Con la ocupación soviética, las obras de Kundera fueron retiradas de las bibliotecas y perdió su trabajo como profesor de Cine en la Universidad Carolina de Praga. Desde entonces, aunque siguió escribiendo, se ganaba la vida con trabajos esporádicos: fue obrero y autor de una columna anónima de predicciones astrológicas. Aunque no da entrevistas para hablar de su vida personal, porque «la persona que pierde su intimidad, lo pierde todo», en sus obras suele echar mano de algunos episodios autobiográficos. En Los testamentos traicionados, habla de las carcajadas de sus compañeros obreros cuando les leía un pasaje de Gargantúa y Pantagruel, de Rabelais, en el que 600.014 perros se orinan encima de una mujer que había despreciado a Panurgo.

Cuando publicó El libro de la risa y el olvido (1979) —en el que habla de su padre—, Kundera ya se había marchado a vivir a Francia. Fue entonces cuando su país —aún en ocupación soviética— le revocó la ciudadanía. No importó que en uno de sus capítulos, el autor dijera: «Digan lo que quieran, pero los comunistas eran más listos. Tenían un programa grandioso. Un plan para construir un mundo completamente nuevo en el que todos encontrarían su lugar». Fue imperdonable, porque había un comentario en general en contra del totalitarismo y de sus entusiastas. En una entrevista para The Paris Review, Kundera criticó al poeta francés Paul Éluard por justificar la ejecución de su amigo, Zavis Kalandra: «Cuando Brezhnev envía tanques a Afganistán, es horrible, pero sabes que puedes esperártelo. Cuando un gran poeta elogia una ejecución, es un golpe que rompe nuestra imagen del mundo».

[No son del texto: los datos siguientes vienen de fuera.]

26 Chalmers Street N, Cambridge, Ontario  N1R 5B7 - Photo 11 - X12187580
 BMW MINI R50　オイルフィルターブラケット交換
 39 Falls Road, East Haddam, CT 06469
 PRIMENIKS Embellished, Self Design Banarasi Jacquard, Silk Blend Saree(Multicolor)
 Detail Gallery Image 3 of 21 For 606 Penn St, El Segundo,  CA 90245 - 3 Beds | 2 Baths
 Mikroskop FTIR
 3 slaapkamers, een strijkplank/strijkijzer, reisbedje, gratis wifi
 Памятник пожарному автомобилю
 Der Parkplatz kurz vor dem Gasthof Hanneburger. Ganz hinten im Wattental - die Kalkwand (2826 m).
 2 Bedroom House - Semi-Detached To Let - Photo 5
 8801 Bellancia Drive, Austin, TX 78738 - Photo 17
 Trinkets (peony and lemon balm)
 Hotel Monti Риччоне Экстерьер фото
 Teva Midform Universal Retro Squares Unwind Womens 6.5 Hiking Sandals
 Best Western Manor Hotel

El libro de la risa y el olvido arranca con el día de 1948 en el que inició la historia comunista de Bohemia: el presidente Klement Gottwald aparece junto a su ministro del interior, Vladimir Clementis, en una fotografía que toda Checoslovaquia conocía, porque estaba en todos lados. Luego, «a Clementis lo acusaron de traición y lo colgaron. El departamento de propaganda lo borró inmediatamente de la historia y, por supuesto, de todas las fotografías». Fuera del talento para sacar a personas enteras de una fotografía antes de la invención de Photoshop, ese contraste entre lo que se dice (o muestra) y lo que se informa sobre lo que se dice es central para Kundera, tan celoso de sus palabras. Talvez por eso se empeña en explicar palabras checas que, traducidas, no significan exactamente lo mismo, como lítost («el tormento repentino causado por la toma de conciencia acerca de lo miserable que es uno mismo») o kitsch («ideal estético que niega la existencia de la mierda»), al que le dedica todo un capítulo, ‘La gran marcha’, en La insoportable levedad del ser. Talvez es solo el resultado de esa etiqueta de disidente que odia y que le pusieron en la década de los ochenta. Talvez por eso su última entrevista la tuvo que escribir él mismo.